**Work required**
Return, word for word, the line containing "Cão baleado em" and every line after it through the last line of the records below.
*** Information supplied ***
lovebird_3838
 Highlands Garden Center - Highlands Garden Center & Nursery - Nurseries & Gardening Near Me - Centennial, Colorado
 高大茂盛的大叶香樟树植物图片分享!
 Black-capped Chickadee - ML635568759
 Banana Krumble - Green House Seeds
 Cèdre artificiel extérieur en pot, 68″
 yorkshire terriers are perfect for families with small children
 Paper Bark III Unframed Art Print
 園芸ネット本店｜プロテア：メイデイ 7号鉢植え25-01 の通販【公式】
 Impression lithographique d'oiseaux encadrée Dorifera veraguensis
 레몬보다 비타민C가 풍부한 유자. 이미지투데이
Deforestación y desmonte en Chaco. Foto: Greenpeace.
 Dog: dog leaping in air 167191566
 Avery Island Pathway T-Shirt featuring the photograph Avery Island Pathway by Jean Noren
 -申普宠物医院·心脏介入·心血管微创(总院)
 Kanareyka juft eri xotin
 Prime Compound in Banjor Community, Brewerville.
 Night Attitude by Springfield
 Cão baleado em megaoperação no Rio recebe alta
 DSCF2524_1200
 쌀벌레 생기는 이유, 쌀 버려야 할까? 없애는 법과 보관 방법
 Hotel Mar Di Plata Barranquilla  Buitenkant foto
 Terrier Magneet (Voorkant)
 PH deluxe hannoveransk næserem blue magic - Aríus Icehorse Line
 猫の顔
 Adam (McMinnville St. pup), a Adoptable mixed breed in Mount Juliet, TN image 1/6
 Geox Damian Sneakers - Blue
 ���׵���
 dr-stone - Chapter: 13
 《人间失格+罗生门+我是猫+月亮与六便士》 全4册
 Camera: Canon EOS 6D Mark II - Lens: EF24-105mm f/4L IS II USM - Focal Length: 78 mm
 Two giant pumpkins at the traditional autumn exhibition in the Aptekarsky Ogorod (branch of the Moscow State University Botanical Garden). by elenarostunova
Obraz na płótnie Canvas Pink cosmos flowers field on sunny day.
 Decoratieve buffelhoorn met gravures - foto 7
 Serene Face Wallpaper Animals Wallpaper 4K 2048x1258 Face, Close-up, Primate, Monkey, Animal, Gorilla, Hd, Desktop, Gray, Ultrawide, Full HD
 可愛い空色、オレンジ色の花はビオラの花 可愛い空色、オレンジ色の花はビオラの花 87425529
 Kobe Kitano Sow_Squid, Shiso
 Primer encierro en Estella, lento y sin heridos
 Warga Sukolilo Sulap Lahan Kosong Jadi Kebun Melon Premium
***
**Reply**
 Cão baleado em megaoperação no Rio recebe alta
 DSCF2524_1200
 쌀벌레 생기는 이유, 쌀 버려야 할까? 없애는 법과 보관 방법
 Hotel Mar Di Plata Barranquilla  Buitenkant foto
 Terrier Magneet (Voorkant)
 PH deluxe hannoveransk næserem blue magic - Aríus Icehorse Line
 猫の顔
 Adam (McMinnville St. pup), a Adoptable mixed breed in Mount Juliet, TN image 1/6
 Geox Damian Sneakers - Blue
 ���׵���
 dr-stone - Chapter: 13
 《人间失格+罗生门+我是猫+月亮与六便士》 全4册
 Camera: Canon EOS 6D Mark II - Lens: EF24-105mm f/4L IS II USM - Focal Length: 78 mm
 Two giant pumpkins at the traditional autumn exhibition in the Aptekarsky Ogorod (branch of the Moscow State University Botanical Garden). by elenarostunova
Obraz na płótnie Canvas Pink cosmos flowers field on sunny day.
 Decoratieve buffelhoorn met gravures - foto 7
 Serene Face Wallpaper Animals Wallpaper 4K 2048x1258 Face, Close-up, Primate, Monkey, Animal, Gorilla, Hd, Desktop, Gray, Ultrawide, Full HD
 可愛い空色、オレンジ色の花はビオラの花 可愛い空色、オレンジ色の花はビオラの花 87425529
 Kobe Kitano Sow_Squid, Shiso
 Primer encierro en Estella, lento y sin heridos
 Warga Sukolilo Sulap Lahan Kosong Jadi Kebun Melon Premium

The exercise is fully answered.